The Problem is the FRA, not Amtrak
House Transportation Committee Chair John Mica (R-FL) has finally come out explicitly in favor of privatizing the Northeast Corridor and letting private consortia bid for high-speed rail construction. Mica’s rationale is that Amtrak is an inefficient government provider, and its proposal for spending $117 billion over 30 years to build high-speed rail in the Northeast is deficient.
Not mentioned anywhere in the article is the FRA, which is the real obstacle to modern rail operations. Mica has to my knowledge said nothing about the FRA, which is too bad, since it could feed into the Republican narrative of bad government and the need for privatization and deregulation.
Under present FRA regulations, not much more than NEC service levels can be done: rolling stock would have to meet guidelines developed for the steam era, curve speeds would be limited, and the signaling would not provide enough capacity for adequate service levels on shared track. This is independent of the incompetence of every FRA-compliant railroad; in fact part of the incompetence is manifested in unwillingness to try to get waivers, even though Caltrain, a small operator, applied for a partial waiver and got it.
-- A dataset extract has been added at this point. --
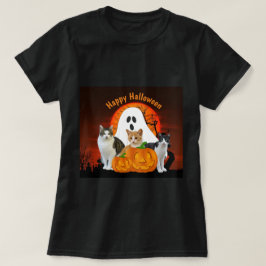 ハロウィンの幽霊と墓場の猫たち Tシャツ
On the other hand, under modern regulations, even Amtrak could provide somewhat better results, and an Amtrak that Mica and the Obama administration pressured to reform could provide much better results. Although such reforms would include less staffing per amount of service provided, ridership could increase so much that total employment would increase, making this at least in principle fathomable by the bureaucrats. If top management wants to make it happen, it will happen.
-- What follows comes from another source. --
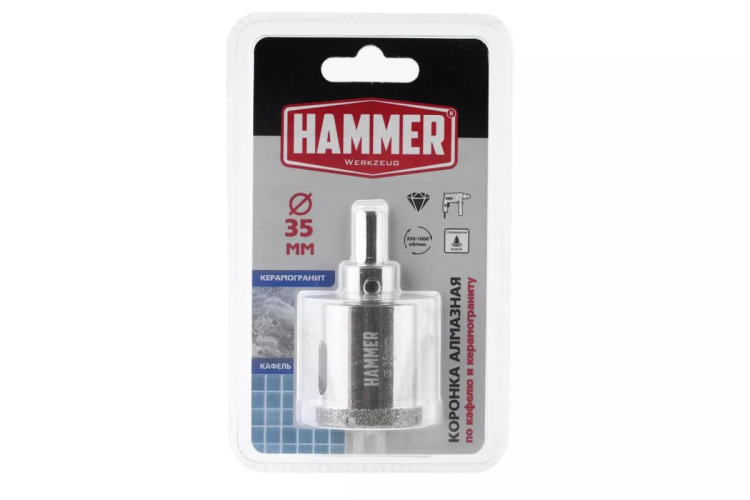 Коронка алмазная HAMMER Ф35мм HEX (DHS 35.0*65/5) купить в Когалыме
In contrast, no reform of the FRA is possible short of a complete overhaul. The appropriate passenger rail regulation in the US is that everything that’s legal in Japan or Europe is legal in the US, and the only local task should be a skeletal staff reconciling European and Japanese rules where necessary. A piecemeal approach leads to partial and suboptimal reforms, requiring additional testing of already extensively used trains. For example, in Europe, tilting trains can have up to 315 270-300 (corrected, see dejv’s comment below) mm of cant deficiency, but the FRA won’t permit more than 229 (9″).
JNR’s problems in the 1980s involved overstaffing and operation of marginal lines; these are the things privatization could fix. This is not true of bad regulations, which remain no matter what. Private vendors could lobby for a fix, but they have other interests in mind than maximum efficiency – for example, making life harder for competitors – and besides, what’s the point of hoping for private lobbyists to do a task that as chair of the relevant committee you can do yourself? At the end, a government that’s too incompetent to do things by itself is probably too incompetent to be trusted to ensure the private sector will provide better service rather than looting the taxpayer.